Правда – мое единственное убежище против злодеяния. Эта клевета, конечно, не заставит меня впасть в уныние, но повергнет в нерешительность насчет моих дальнейших действий. Впредь до того времени, когда мне можно будет сказать больше, я взываю для спасения Республики к добродетелям Конвента, комитетов, добрых граждан, наконец, к вашим добродетелям, столь часто приносившим пользу отечеству».
Из этого отрывка видно, какие коварные инсинуации Робеспьер начинал применять в отношении комитетов, привязывая якобинцев исключительно к себе. За это якобинцы платили ему беспредельным доверием. Революционная система приписывалась ему одному; поэтому понятно, что все революционные власти были преданы Робеспьеру и с жаром стояли за него. К якобинцам должны были примкнуть коммуна, всегда во всем вторившая и подражавшая им, и все судьи и присяжные Революционного трибунала. Всё это вместе составляло порядочную силу, и, при большей решимости и энергии, Робеспьер мог бы сделаться весьма опасным. Через якобинцев он располагал мощной силой, которая до сих пор была представительницей общественного мнения и властвовала над ним; через коммуну располагал местными властями, которые во всех восстаниях брали инициативу и вооруженными отрядами Парижа. Мэр Паш, комендант Анрио, спасенные Робеспьером, когда их чуть не отдали под суд вместе с Шометтом, были ему безусловно преданы. Бийо и Колло, правда, посадили Паша, пользуясь отсутствием Робеспьера, но новый мэр Флерио был ему предан точно так же, а Анрио у него отнять не посмели.
Если прибавить к этим лицам председателя суда Дюма, вице-председателя Коффиналя и всех судей и присяжных, то можно составить себе понятие о средствах, которыми Робеспьер располагал в Париже.
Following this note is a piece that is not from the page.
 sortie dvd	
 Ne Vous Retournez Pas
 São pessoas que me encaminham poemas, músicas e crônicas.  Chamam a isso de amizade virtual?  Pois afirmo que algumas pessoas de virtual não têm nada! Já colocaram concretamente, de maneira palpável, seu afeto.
Если комитеты и Конвент не слушались его, ему стоило только пожаловаться якобинцам, вызвать среди них движение, сообщить это движение коммуне, объявить через муниципальную власть, что народ снова вступает в свои державные права, поднять на ноги секции и послать Анрио в Конвент требовать выдачи пятидесяти или шестидесяти депутатов. Дюма, Коффиналь и весь трибунал были к его услугам для расправы с депутатами, которых Анрио похитил бы.
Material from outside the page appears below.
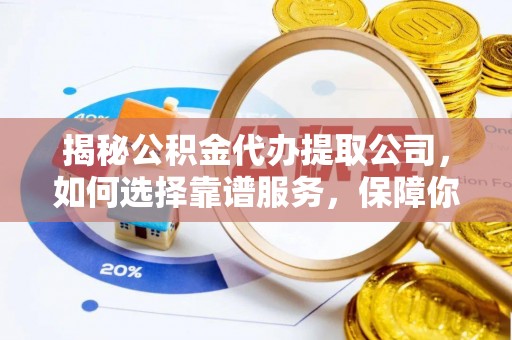 长武揭秘公积金代办提取公司，如何选择靠谱服务，保障你的资金安全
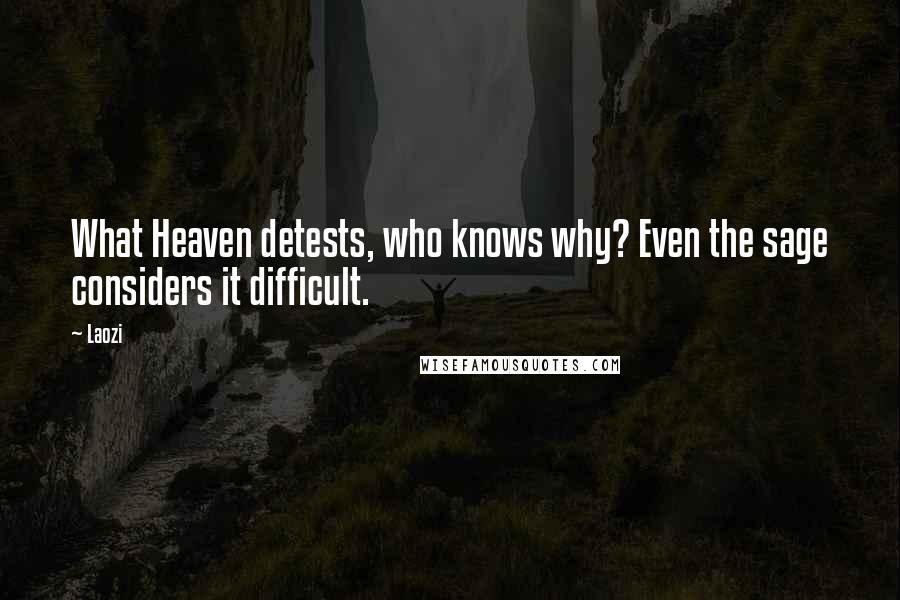 Laozi Quotes: What Heaven detests, who knows why? Even the sage considers it difficult.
Одним словом, Робеспьер имел в руках все средства устроить новое 31 мая, только быстрее и вернее, чем прежде. Поэтому приверженцы и клевреты обступали его и упрашивали только подать сигнал. Анрио вызывался развернуть свои колоны и обещал действовать энергичнее, чем 2 июня. Робеспьер, который предпочитал всё делать сам и полагал, что его слово еще очень сильно, хотел подождать. Он надеялся подорвать популярность комитетов своим уходом и речами у якобинцев, а достигнув этого, предполагал открыто атаковать их в Конвенте при первом удобном случае. Он продолжал заправлять трибуналом и поддерживать деятельную полицейскую систему посредством бюро. Таким образом, Робеспьер следил за своими противниками и знал о каждом их шаге.